Middleware:: Response ERROR: Object reference not set to an instance of an object
-
@Tom-Elliott If you want a whole slew of fog.log files from these hosts I can provide them or I can deploy some debugging scripts if you want since it seems like I can reproduce the issue on command currently. I can even send you our image for testing if you’d like.
For reference we’re using a gold master image with the auto driver install method from the wiki. The only software installed in the image is the FOG Client 0.11.5 with the FOGService set to “Disabled” before sysprep. We are using a KMS key so setupcomplete.cmd runs after without an issue. As part of the auto driver install we push up a fresh copy of setupcomplete.cmd right after the image is finished deploying that contains the follow:
net STOP "FOGService" start "Reset C:\Drivers Perms" /wait "icacls" C:\drivers /reset /T >>"C:\FOGDrivers.log" 2>&1 sc config FOGService start= auto shutdown -t 0 -r
I did notice on the run that I left over the weekend that the client did try to update and then started throwing the errors so I updated the client in the image before retrying. After that deployment all clients exhibited the issue immediately. I can provide the logs from that second run.
Oddly I don’t see this issue if I only image a single station but if I image the entire batch of 24 it seems to show up consistently. As I mentioned I noticed that the server was getting hammered with sha2sum processes as soon as the clients start checking in with a full batch of 24. The specs on the VM the server was running are 1 core 2.7 GHz, 4 GBs RAM, 10 Gb VMXNET3 Ethernet. I have since upped this to 2 core 2.7 GHz and 8 GBs RAM but have yet to retest just in case you need me to reproduce this issue.
-
@Darrin-Enerson Do you have a lot of snapins?
-
@Tom-Elliott Each host has the same set of 17 snapins associated to them.
-
@Darrin-Enerson Please post a log from just one of the affected hosts, grab a copy of it after imaging finishes and after the fog client does all it’s stuff. We need a full log, but it doesn’t need to be overly long - as long as all the happenings are in it, we can use it.
-
@Wayne-Workman The system won’t let me upload it as a file and it’s too long for the posting requirements. Here’s the Google Drive link to one of the logs though: https://drive.google.com/file/d/0BzdlDm_GwIvwdllHakduWGdwUTQ/view?usp=sharing.

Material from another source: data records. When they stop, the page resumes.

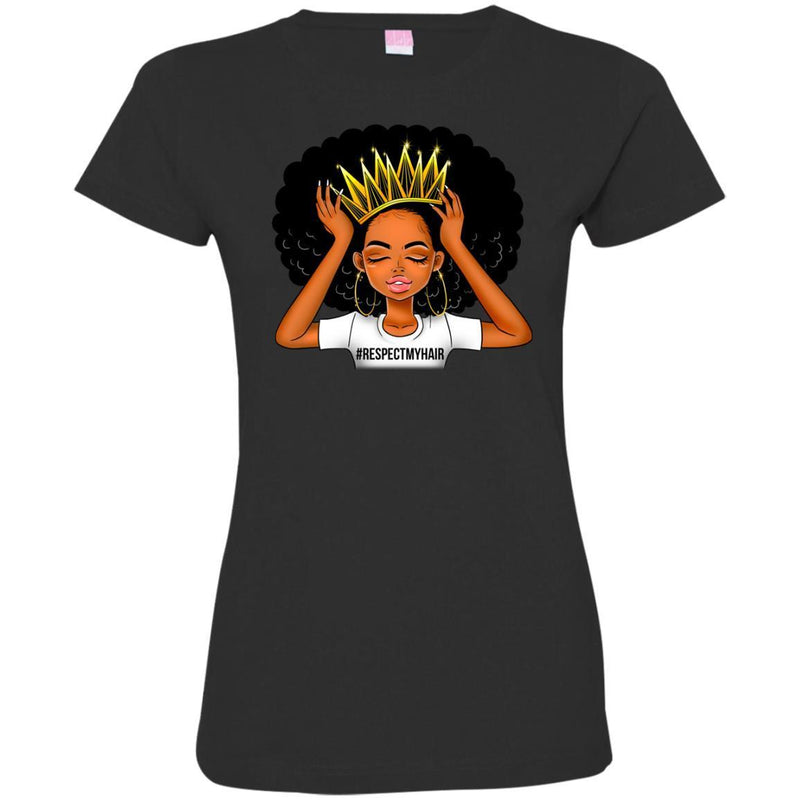 #Respectmyhair Respect My Hair T-shirt for Black Women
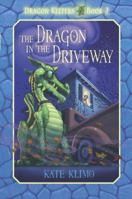 The Dragon in the Driveway 0375855904 Book Cover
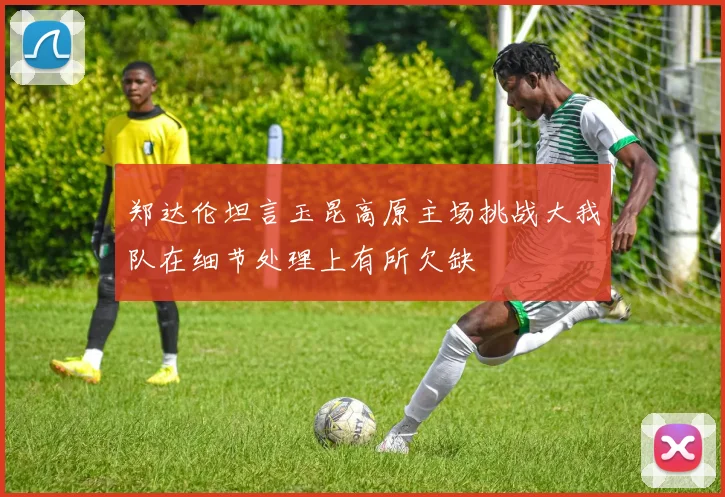 郑达伦坦言玉昆高原主场挑战大我队在细节处理上有所欠缺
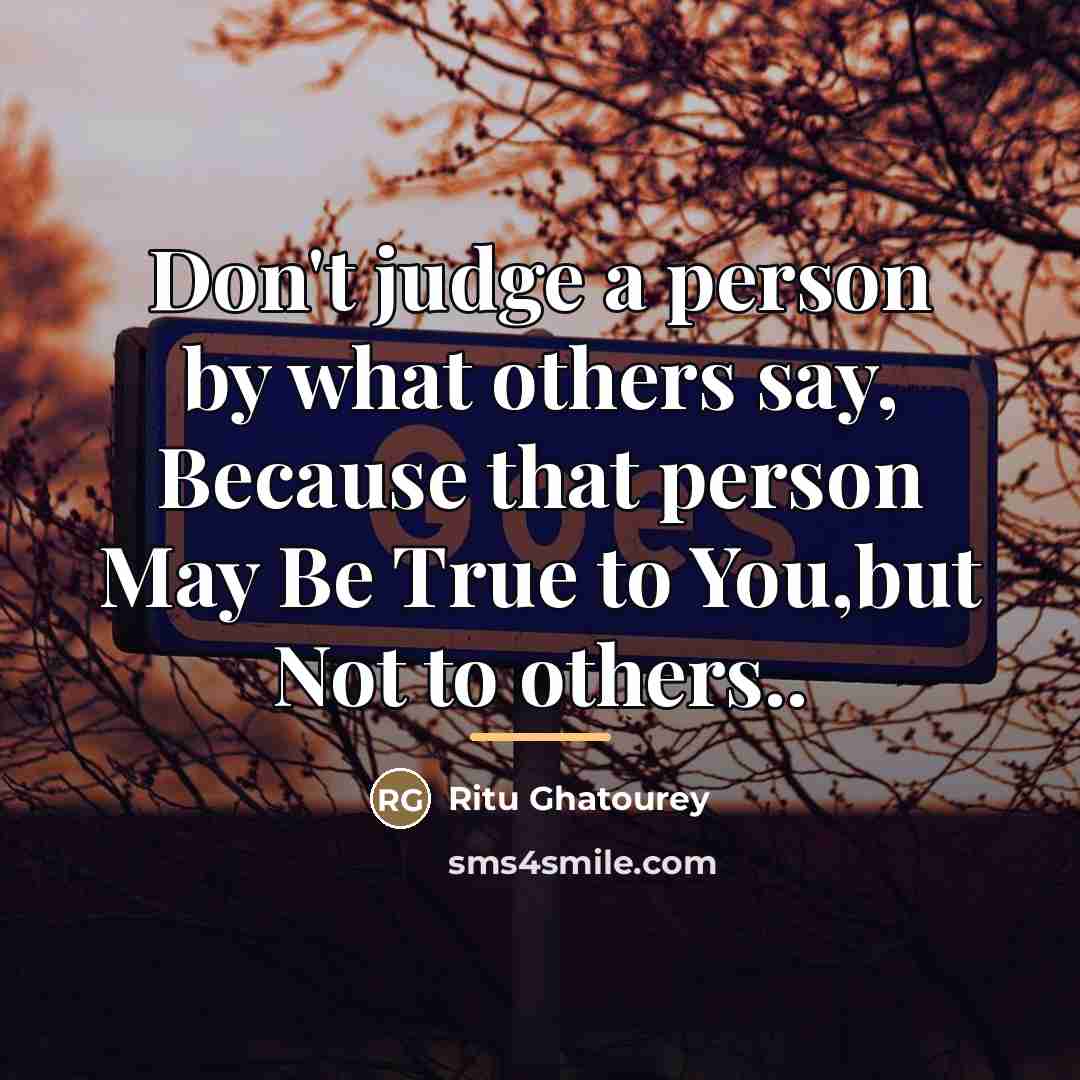 “Don't judge a person by what others say, Because that…” quote by Ritu Ghatourey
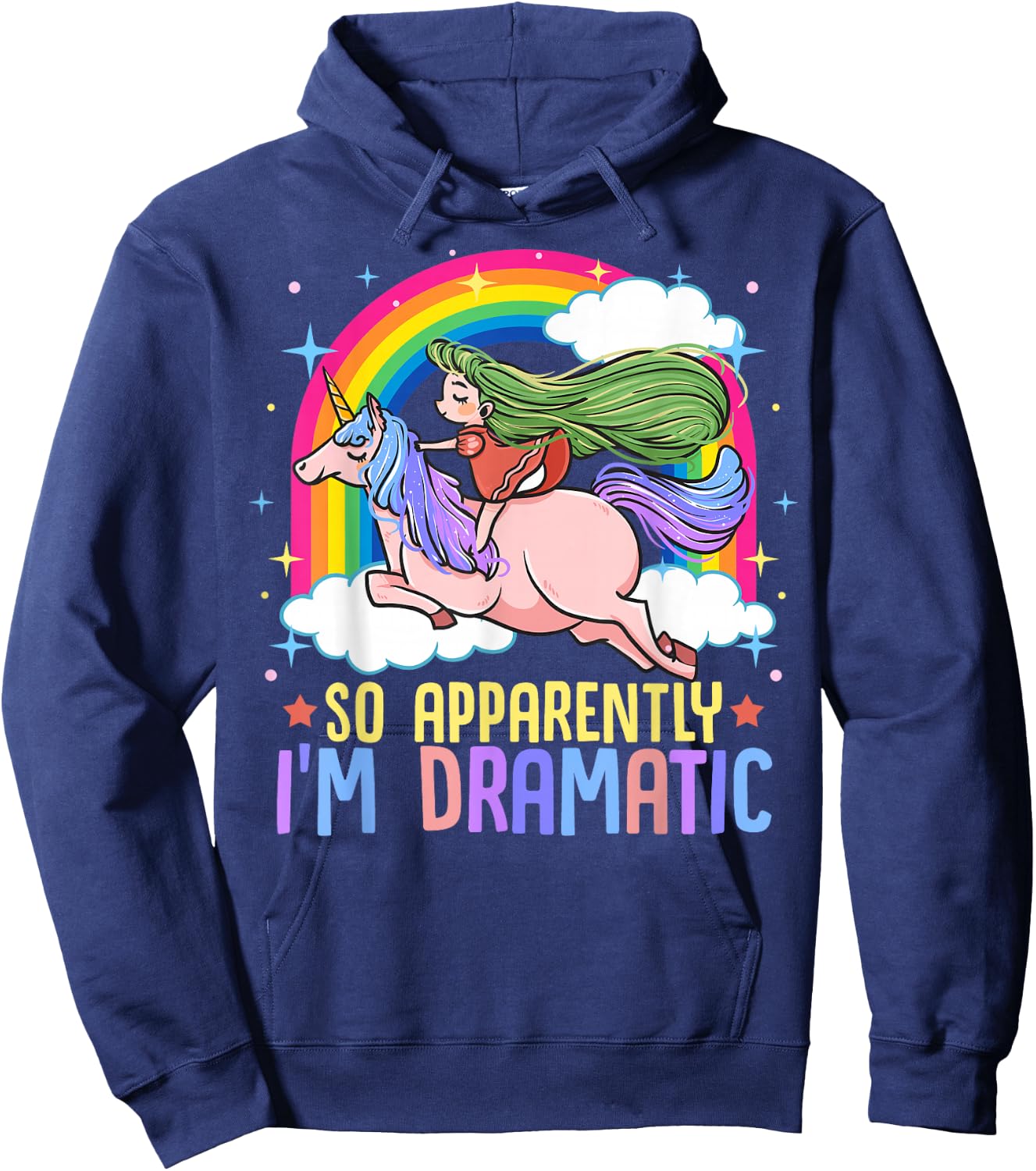 Unicorn and Rainbows So Apparently I'm Dramatic Funny Drama Queen Hoodie - Hoodie | Navy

This comes from a host that was one of the last to finish imaging in this batch. As such the other hosts were already going through joining the domain and attempting to apply snapins. Since whatever is causing this issue also causes the web interface to become increasingly unstable this one failed to even join the domain. Let me know what logs, if any, you need from the server itself.
-
@Darrin-Enerson On that computer, open up cmd and
ping fogserver
what happens? -
Microsoft Windows [Version 6.1.7601] Copyright (c) 2009 Microsoft Corporation. All rights reserved. C:\Users\IT>ping fogserver Pinging fogserver.beaconacademy.com [172.16.12.6] with 32 bytes of data: Reply from 172.16.12.6: bytes=32 time<1ms TTL=63 Reply from 172.16.12.6: bytes=32 time<1ms TTL=63 Reply from 172.16.12.6: bytes=32 time<1ms TTL=63 Reply from 172.16.12.6: bytes=32 time<1ms TTL=63 Ping statistics for 172.16.12.6: Packets: Sent = 4, Received = 4, Lost = 0 (0% loss), Approximate round trip times in milli-seconds: Minimum = 0ms, Maximum = 0ms, Average = 0ms C:\Users\IT>
I can pull up the FOG management page from that computer as well.
-
@Darrin-Enerson I read in the OP that these are laptops. I would imagine that this has something to do with
ping fogserver
either not working on LAN or on Wifi. -
@Wayne-Workman On these the WiFi settings aren’t loaded until the computers join the domain so they’re entirely LAN based connection until then. As I mentioned if I image each of these one at a time it works without a hitch but in a batch of 24 it fails seemingly randomly and hammers the FOG web interface into instability in the process. I haven’t tried smaller batches yet because I didn’t want to destroy the client logs if they could be helpful. I will note however that in FOG 1.2.0 with the old client this setup doesn’t cause any issues so it’s definitely related to 1.3.0 and the new client.
-
As an update to this I can image smaller batches of 10 with no issue. That would tend to indicate a load, memory leak, or process leak issue. Let me know if you need more troubleshooting on my end to narrow this down. I’ll proceed in smaller batches for now so that I can get everything prepped by my deadlines but I can set up larger batches for testing this as needed.
-
@Darrin-Enerson Ah. I’ve actually seen this before. @Tom-Elliott remember me telling you about that?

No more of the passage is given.